Work instruction
Print out the entries, word for word.

#### Records for the task

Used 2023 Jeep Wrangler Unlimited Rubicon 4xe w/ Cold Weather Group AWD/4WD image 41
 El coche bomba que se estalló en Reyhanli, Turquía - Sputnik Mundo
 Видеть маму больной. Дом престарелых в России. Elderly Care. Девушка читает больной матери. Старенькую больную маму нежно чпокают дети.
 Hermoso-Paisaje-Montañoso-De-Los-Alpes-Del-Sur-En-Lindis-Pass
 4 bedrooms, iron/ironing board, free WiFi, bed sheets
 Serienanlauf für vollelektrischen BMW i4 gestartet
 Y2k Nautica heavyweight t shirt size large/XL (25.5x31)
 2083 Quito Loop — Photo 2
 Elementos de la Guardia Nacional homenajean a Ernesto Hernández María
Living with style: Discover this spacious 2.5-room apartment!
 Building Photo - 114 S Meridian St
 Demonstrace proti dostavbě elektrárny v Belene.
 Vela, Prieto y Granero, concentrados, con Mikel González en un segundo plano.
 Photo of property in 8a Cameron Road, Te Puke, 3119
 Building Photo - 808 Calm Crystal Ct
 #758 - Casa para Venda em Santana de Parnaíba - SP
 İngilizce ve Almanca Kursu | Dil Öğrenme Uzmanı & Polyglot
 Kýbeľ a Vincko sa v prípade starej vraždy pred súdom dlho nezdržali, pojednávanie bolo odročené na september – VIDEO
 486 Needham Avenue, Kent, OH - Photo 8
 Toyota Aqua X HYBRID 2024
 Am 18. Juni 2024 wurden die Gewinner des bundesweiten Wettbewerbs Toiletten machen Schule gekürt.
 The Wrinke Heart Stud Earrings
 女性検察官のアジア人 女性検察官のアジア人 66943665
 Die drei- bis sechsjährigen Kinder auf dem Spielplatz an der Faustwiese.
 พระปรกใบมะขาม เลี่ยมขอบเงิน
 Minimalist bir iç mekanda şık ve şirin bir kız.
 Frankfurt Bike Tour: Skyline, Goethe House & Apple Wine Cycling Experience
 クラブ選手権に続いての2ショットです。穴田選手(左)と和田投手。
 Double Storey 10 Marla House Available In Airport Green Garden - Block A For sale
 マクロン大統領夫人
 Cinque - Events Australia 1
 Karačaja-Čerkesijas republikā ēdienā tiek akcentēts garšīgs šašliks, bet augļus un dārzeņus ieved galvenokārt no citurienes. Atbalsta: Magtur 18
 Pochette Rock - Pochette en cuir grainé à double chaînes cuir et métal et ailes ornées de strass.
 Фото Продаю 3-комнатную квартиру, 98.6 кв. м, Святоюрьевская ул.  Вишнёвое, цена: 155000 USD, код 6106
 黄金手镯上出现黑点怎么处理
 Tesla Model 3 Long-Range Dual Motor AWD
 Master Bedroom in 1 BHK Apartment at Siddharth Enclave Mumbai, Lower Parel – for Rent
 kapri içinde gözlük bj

########

Exercise output
Used 2023 Jeep Wrangler Unlimited Rubicon 4xe w/ Cold Weather Group AWD/4WD image 41
 El coche bomba que se estalló en Reyhanli, Turquía - Sputnik Mundo
 Видеть маму больной. Дом престарелых в России. Elderly Care. Девушка читает больной матери. Старенькую больную маму нежно чпокают дети.
 Hermoso-Paisaje-Montañoso-De-Los-Alpes-Del-Sur-En-Lindis-Pass
 4 bedrooms, iron/ironing board, free WiFi, bed sheets
 Serienanlauf für vollelektrischen BMW i4 gestartet
 Y2k Nautica heavyweight t shirt size large/XL (25.5x31)
 2083 Quito Loop — Photo 2
 Elementos de la Guardia Nacional homenajean a Ernesto Hernández María
Living with style: Discover this spacious 2.5-room apartment!
 Building Photo - 114 S Meridian St
 Demonstrace proti dostavbě elektrárny v Belene.
 Vela, Prieto y Granero, concentrados, con Mikel González en un segundo plano.
 Photo of property in 8a Cameron Road, Te Puke, 3119
 Building Photo - 808 Calm Crystal Ct
 #758 - Casa para Venda em Santana de Parnaíba - SP
 İngilizce ve Almanca Kursu | Dil Öğrenme Uzmanı & Polyglot
 Kýbeľ a Vincko sa v prípade starej vraždy pred súdom dlho nezdržali, pojednávanie bolo odročené na september – VIDEO
 486 Needham Avenue, Kent, OH - Photo 8
 Toyota Aqua X HYBRID 2024
 Am 18. Juni 2024 wurden die Gewinner des bundesweiten Wettbewerbs Toiletten machen Schule gekürt.
 The Wrinke Heart Stud Earrings
 女性検察官のアジア人 女性検察官のアジア人 66943665
 Die drei- bis sechsjährigen Kinder auf dem Spielplatz an der Faustwiese.
 พระปรกใบมะขาม เลี่ยมขอบเงิน
 Minimalist bir iç mekanda şık ve şirin bir kız.
 Frankfurt Bike Tour: Skyline, Goethe House & Apple Wine Cycling Experience
 クラブ選手権に続いての2ショットです。穴田選手(左)と和田投手。
 Double Storey 10 Marla House Available In Airport Green Garden - Block A For sale
 マクロン大統領夫人
 Cinque - Events Australia 1
 Karačaja-Čerkesijas republikā ēdienā tiek akcentēts garšīgs šašliks, bet augļus un dārzeņus ieved galvenokārt no citurienes. Atbalsta: Magtur 18
 Pochette Rock - Pochette en cuir grainé à double chaînes cuir et métal et ailes ornées de strass.
 Фото Продаю 3-комнатную квартиру, 98.6 кв. м, Святоюрьевская ул.  Вишнёвое, цена: 155000 USD, код 6106
 黄金手镯上出现黑点怎么处理
 Tesla Model 3 Long-Range Dual Motor AWD
 Master Bedroom in 1 BHK Apartment at Siddharth Enclave Mumbai, Lower Parel – for Rent
 kapri içinde gözlük bj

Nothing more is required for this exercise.